Copycat portfolio update

It’s been a year since I launched my experimental copycat portfolio, comprised of the largest positions of a selection of the best investors I can find without expending much effort. The portfolio has done pretty well, returning 17.3% compared to 15.8% for the S&P 500 and -13.3% for the FTSE100.

I set out the rationale for this benchmark portfolio in the initial post last year. Broadly speaking the unashamed goal of this strategy is to free-ride off the best ideas of other investors while expending as little effort as possible.

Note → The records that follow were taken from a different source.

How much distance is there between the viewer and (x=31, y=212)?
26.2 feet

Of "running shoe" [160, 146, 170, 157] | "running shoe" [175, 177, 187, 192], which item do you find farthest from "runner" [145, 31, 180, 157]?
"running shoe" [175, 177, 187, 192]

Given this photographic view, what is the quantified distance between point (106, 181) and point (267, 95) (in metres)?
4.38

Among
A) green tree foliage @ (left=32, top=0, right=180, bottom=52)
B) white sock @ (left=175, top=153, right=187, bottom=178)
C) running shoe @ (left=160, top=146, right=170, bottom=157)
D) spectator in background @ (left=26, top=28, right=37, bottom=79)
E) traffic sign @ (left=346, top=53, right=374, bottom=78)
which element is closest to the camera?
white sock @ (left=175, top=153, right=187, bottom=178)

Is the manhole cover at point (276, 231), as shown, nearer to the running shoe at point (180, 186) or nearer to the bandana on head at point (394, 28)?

Here are the constituents with their performances (ignoring dividends) over the last year:

  1. AB Dynamics -27.6%
  2. Adobe 51.6%
  3. Alibaba 38.2%
  4. Amazon 75.8%
  5. Anglo Asian Mining -10.4%
  6. Arch Capital -16.1%
  7. Arcontech 4.4%
  8. Argentex -29%
  9. Berkshire Hathaway 6.9%
  10. Boohoo -3.9%
  11. CRH 2.3%
  12. Fevertree 2.3%
  13. Future 25%
  14. Gamma Communications 26.3%
  15. Games Workshop 63.9%
  16. Ideagen 20.5%
  17. Mastercard 19%
  18. Microsoft 41.4%
  19. MTU Aero Engines -16.5%
  20. Ocado 83.6%
  21. RELX -6.9%
  22. Rightmove -0.5%
  23. Royal Unibrew 6.6%
  24. Visa 15.9%
  25. Yougov 58.8%

Obviously this has been quite an unusual year and it seems that the pandemic was an important driver of relative performance across the holdings in the portfolio. The best performers unsurprisingly were software and e-commerce businesses, like Amazon, Ocado and Adobe. The weakest were industrials like AB Dynamics and MTU Aero Engines.

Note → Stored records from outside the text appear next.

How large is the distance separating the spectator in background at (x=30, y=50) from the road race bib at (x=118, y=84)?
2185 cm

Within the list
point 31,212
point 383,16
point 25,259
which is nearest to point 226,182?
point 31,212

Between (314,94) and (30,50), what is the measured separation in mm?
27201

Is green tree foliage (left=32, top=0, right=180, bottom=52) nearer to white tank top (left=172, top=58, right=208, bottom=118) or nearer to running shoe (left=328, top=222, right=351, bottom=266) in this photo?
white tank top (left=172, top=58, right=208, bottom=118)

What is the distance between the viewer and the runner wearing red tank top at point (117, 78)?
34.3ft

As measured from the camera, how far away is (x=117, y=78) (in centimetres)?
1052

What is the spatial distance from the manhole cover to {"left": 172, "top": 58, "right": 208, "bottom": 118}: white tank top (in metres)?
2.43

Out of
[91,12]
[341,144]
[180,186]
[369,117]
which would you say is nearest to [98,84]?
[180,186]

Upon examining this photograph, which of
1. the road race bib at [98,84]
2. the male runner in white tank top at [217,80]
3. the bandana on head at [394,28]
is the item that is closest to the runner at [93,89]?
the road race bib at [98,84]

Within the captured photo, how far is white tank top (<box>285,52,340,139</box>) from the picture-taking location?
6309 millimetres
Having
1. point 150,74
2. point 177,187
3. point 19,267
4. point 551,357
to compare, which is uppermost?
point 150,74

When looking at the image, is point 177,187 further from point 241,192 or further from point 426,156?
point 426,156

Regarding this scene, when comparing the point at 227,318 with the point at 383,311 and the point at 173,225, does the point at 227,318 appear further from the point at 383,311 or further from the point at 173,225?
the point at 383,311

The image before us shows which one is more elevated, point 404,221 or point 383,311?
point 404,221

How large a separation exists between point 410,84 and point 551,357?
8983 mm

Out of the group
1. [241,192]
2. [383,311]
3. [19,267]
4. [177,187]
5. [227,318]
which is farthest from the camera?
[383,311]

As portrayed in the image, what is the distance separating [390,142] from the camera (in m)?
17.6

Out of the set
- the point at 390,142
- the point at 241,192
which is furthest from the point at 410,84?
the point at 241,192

Overall, the results seem pretty decent so far, though one year is too short a period to read much into. I plan to stick with the experiment for another few years to see how it goes.

The new copycat portfolio

For the new portfolio, I’m following the same approach of selecting the largest positions of the best investors I can identify without expending effort. As I did last year I’ve spent about half an hour selecting 20 professional fund managers (mostly based on performance rankings) and 5 private investors. Most of these investors are the same as last time. I expect I could probably do better by researching this more carefully. I’m tempted to but this would defeat the point of it being as simple as possible.

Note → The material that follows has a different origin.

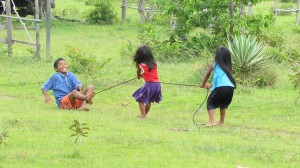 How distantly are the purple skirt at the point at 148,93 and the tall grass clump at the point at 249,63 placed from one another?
3.63 meters

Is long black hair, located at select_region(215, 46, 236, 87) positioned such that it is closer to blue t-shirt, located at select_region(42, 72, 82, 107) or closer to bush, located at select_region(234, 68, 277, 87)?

Here are the new portfolio holdings. Almost half are the same as last time.

  1. Alibaba
  2. Amazon
  3. Arcontech
  4. Best-of-the-best
  5. Burberry
  6. eBay
  7. Endor
  8. Fevertree
  9. Future
  10. Games Workshop
  11. Gamma Communications
  12. Liontrust
  13. Lowes
  14. MasterCard
  15. Microsoft
  16. Netflix
  17. Prosus
  18. Royal Unibrew
  19. Sartorius Stedim Biotech
  20. SDI
  21. Sesa
  22. Somero
  23. Tesla
  24. THG
  25. YouGov

4 thoughts on “Copycat portfolio update

  1. It seems a bizarre, unbelievable goal that you invest your money while being as lazy as possible.

    The idea of free-riding off others puts you right up there with many of the great plagiarists, plunders and socialists, but you might make a minimal effort to get your choices right.

    Your current approach is not credible because if you were investing your own money, hard earned or ill gotten, you’d go beyond complete indifference to your choices.

    Liked by 1 person

    • Thanks for the comment.

      Just to be clear this is just an update on a hypothetical portfolio; an experiment meant to illustrate how a simple strategy might perform. I think of it as more of a benchmark than a strategy I would implement as is. There is more detail on the rationale in my previous post linked in the second paragraph. My actual approach discussed in the rest of the blog is quite different.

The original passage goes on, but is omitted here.